**THE PROBLEM**
Print this span of the material below exactly: the line with "Ozium 3.5 Oz.", the line with "真假難分!調查局查獲網路400個假帳號 可能干擾2022大選 86", and every line between them, but nothing else.

─── DATA RECORDS ───

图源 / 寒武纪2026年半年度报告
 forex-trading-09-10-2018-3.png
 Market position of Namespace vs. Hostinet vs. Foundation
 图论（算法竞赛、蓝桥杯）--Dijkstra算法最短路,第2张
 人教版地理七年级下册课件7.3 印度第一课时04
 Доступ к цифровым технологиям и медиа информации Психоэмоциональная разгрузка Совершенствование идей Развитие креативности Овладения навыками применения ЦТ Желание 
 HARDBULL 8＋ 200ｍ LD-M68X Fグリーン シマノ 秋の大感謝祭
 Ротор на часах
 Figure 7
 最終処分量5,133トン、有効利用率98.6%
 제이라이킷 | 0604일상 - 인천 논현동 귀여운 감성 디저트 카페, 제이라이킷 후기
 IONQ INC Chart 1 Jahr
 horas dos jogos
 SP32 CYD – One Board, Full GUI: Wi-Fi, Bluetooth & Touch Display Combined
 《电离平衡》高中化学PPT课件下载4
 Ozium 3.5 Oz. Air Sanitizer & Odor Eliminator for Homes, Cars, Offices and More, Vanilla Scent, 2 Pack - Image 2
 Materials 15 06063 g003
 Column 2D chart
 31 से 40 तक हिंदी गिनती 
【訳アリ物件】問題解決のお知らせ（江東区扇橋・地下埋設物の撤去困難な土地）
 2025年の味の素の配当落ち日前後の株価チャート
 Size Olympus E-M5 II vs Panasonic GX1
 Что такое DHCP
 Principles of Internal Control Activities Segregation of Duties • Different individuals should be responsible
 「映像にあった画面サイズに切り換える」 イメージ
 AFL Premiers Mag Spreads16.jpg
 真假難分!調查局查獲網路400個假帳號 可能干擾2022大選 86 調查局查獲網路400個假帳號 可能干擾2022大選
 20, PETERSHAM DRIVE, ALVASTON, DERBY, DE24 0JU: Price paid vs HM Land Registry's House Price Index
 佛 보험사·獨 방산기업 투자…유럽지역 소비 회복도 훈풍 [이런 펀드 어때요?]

───

**WORKED SOLUTION**
 Ozium 3.5 Oz. Air Sanitizer & Odor Eliminator for Homes, Cars, Offices and More, Vanilla Scent, 2 Pack - Image 2
 Materials 15 06063 g003
 Column 2D chart
 31 से 40 तक हिंदी गिनती 
【訳アリ物件】問題解決のお知らせ（江東区扇橋・地下埋設物の撤去困難な土地）
 2025年の味の素の配当落ち日前後の株価チャート
 Size Olympus E-M5 II vs Panasonic GX1
 Что такое DHCP
 Principles of Internal Control Activities Segregation of Duties • Different individuals should be responsible
 「映像にあった画面サイズに切り換える」 イメージ
 AFL Premiers Mag Spreads16.jpg
 真假難分!調查局查獲網路400個假帳號 可能干擾2022大選 86 調查局查獲網路400個假帳號 可能干擾2022大選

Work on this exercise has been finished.